**PROBLEM STATEMENT**
Search the data for "Read". Each line containing it is to be copied.

(Web page caption snippets)
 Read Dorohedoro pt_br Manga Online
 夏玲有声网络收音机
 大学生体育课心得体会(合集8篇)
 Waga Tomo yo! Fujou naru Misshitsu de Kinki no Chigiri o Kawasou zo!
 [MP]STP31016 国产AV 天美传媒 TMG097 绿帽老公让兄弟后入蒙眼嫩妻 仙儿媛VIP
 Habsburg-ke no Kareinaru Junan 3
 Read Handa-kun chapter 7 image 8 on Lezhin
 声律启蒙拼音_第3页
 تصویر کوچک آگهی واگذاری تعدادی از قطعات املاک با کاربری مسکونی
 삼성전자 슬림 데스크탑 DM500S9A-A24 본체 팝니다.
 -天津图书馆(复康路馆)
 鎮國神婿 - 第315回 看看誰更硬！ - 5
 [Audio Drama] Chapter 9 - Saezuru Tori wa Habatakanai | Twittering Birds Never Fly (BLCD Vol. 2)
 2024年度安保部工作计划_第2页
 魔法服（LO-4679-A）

**SOLUTION TO THIS PROBLEM**
 Read Dorohedoro pt_br Manga Online
 Read Handa-kun chapter 7 image 8 on Lezhin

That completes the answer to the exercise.